The study is based on a comprehensive world survey of international freight forwarders and express carriers.
While Nigeria dropped in ranking from 100th position in the 2010 survey to 122nd position in the current one, many countries like Chile, China, India, Morocco, South Africa, Turkey, and the United States of America all improved their previous performance, according to the study.
Singapore overtook Germany to rank first among the 155 economies included in the Logistics Performance Indicators (LPI), which are part of the Connecting to Compete 2012: Trade Logistics in the Global Economy report, while Germany dropped to the fourth position.
“Trade logistics is key to economic competitiveness, growth, and poverty reduction,” said World Bank Vice President for Poverty Reduction and Economic Management (PREM), Otaviano Canuto. “Unfortunately, the logistics gap between rich and poor countries continues and the convergence trend experienced between 2007 and 2010 has stalled as events like the global recession, and the European debt crisis shifted attention away from logistics reform.”
According to the LPI, high income economies dominate the top logistics rankings, while the economies with the worst performance are least developed countries that are also often landlocked, small islands, or post-conflict states.
Nevertheless, logistics performance is not simply determined by the level of per capita income, as many countries across different income groups have done better than their peers.
“Infrastructure stands out as the chief driver of progress in top performers, followed by improvements in logistics services, and customs and border management,” said Mona Haddad, Sector Manager of the World Bank’s International Trade Department. “All top performers show strong cooperation between the public and private sectors, and a comprehensive approach in the development of services, infrastructure and efficient logistics.”

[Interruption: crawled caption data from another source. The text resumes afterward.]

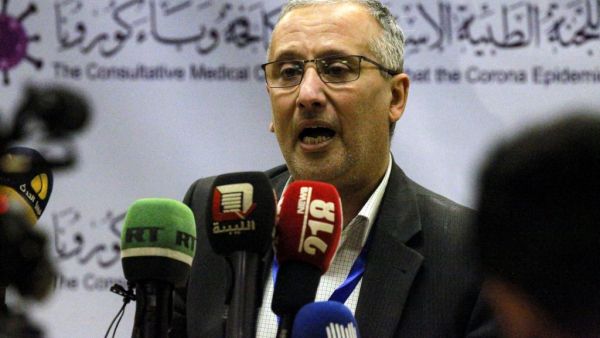 Ahmed al-Hassi, spokesman for the medical committee to combat COVID-19 coronavirus disease in Libya's eastern city of Benghazi, speaks during a press conference on March 20, 2020 announcing updates on figures for suspected cases. Abdullah DOMA / AFP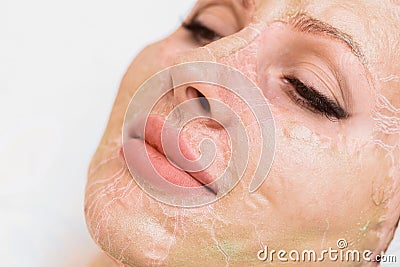Enzyme mask in the process of drying on a woman`s face close-up. Rejuvenation and facelift in cosmetology Stock Photo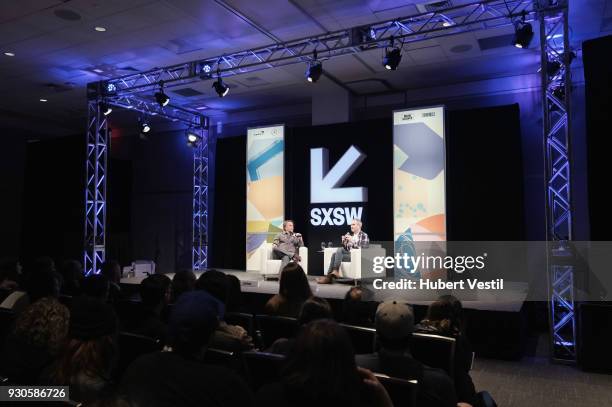 Richard Linklater and Olivier Assayas speak onstage at A Conversation with Olivier Assayas during SXSW at Austin Convention Center on March 11, 2018...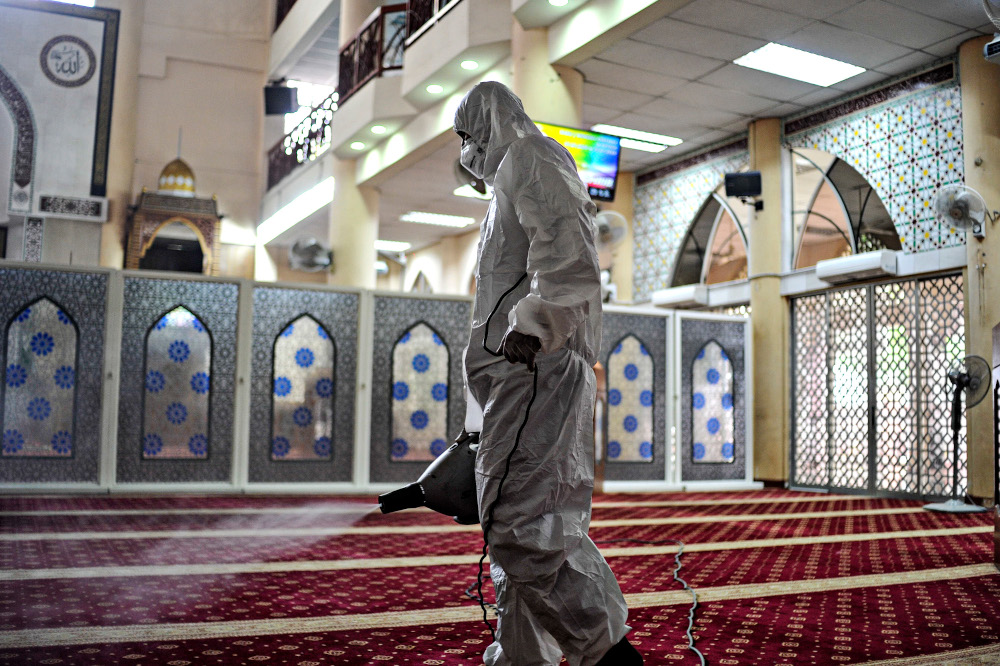 A worker sprays disinfectant in a mosque to prevent the spread of the coronavirus in Kuala Lumpur, March 21, 2020. u00e2u20acu201d Picture by Shafwan Zaidon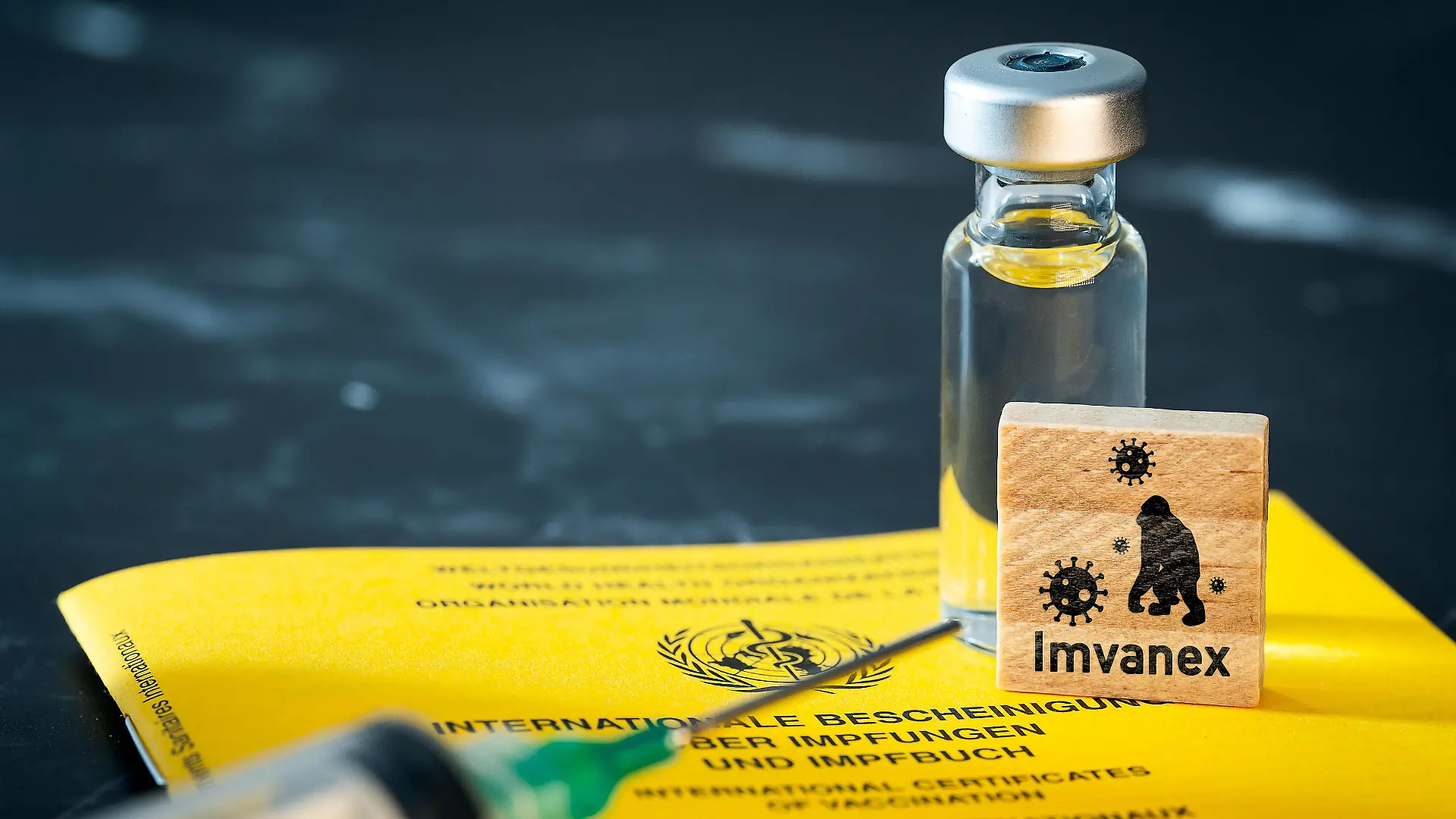27 May 2022: WHO World Health Organization vaccination certificate a syringe and a wooden cube labeled IMVANEX, smallpox vaccine, Imvanex as a vaccine for monkeypox virus PHOTOMONTAGE *** Impfpass der WHO Weltgesundheitsorganisation eine Spritze und einem Holzwürfel mit Aufschrift IMVANEX, Pocken Impfstoff, Imvanex als Impfung für das Affenpocken Virus FOTOMONTAGE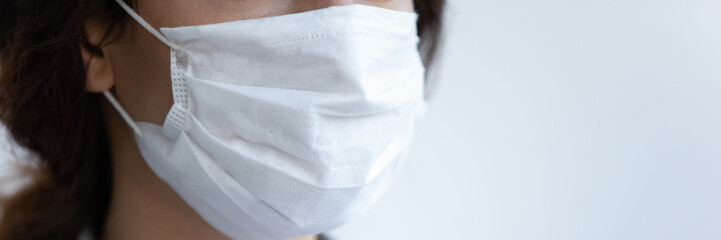 Close up banner view of young woman wear protective medical mask against coronavirus pandemic, female patient wearing facial cover protect from covid-19 pandemic spread, epidemic, corona concept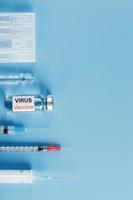 ampul en injectiespuit met de vaccin tegen de virus tegen ziekten Aan een blauw achtergrond. verticaal regeling, verticaal kader foto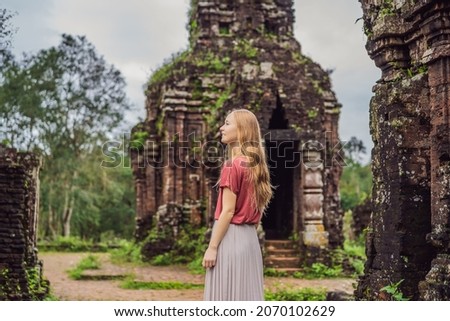 Woman tourist in Temple ruin of the My Son complex, Vietnam. Vietnam opens to tourists again after quarantine Coronovirus COVID 19 Royalty-Free Stock Photo #2070102629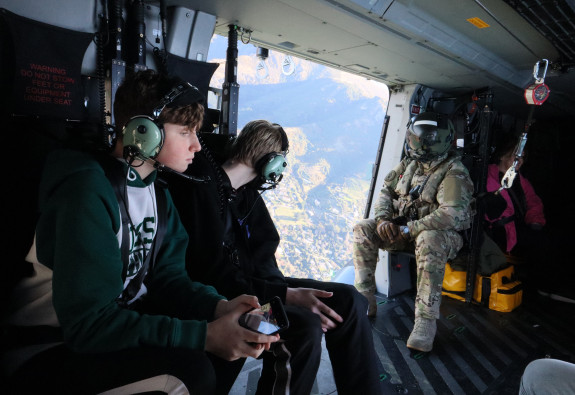 Patients look out at the Christchurch view mid-flight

The 2012 LPI shows preconditions for efficient logistics. All top performers have developed and maintained a strong public-private partnership and dialogue; good cooperation between policymakers, practitioners, administrators and academics; and a comprehensive approach in the development of transport services, infrastructure and efficient logistics.
Only by fostering cooperation between the public and private sectors, and by considering the impact of all agencies on the supply chain can a country create sustainable improvements in its logistical capabilities, the study says.
At a time where food prices are at historic highs, the survey also found that logistics is important for food security.
Transport and logistics directly affect the price and local availability of food through the performance and resilience of food chains, especially in African and Middle Eastern countries that depend heavily on food imports.
In developing countries, particularly in landlocked and poor ones, transport and logistics account for 20-60 per cent of delivered food prices. For instance, they make up 48 per cent of the cost of U.S. corn imported by Nicaragua.
The survey, which for the first time included environmental indicators, also found that green logistics is quickly gaining prominence in high-income and emerging economies –a positive development since logistics and freight-related activities may account for up to 15 per cent of human carbon dioxide emissions. Large logistics providers like DHL, FedEx, UPS, and TNT, all now have global initiatives to reduce their carbon footprint, shift to more efficient vehicles, make facilities more efficient, and help clients become more green-friendly.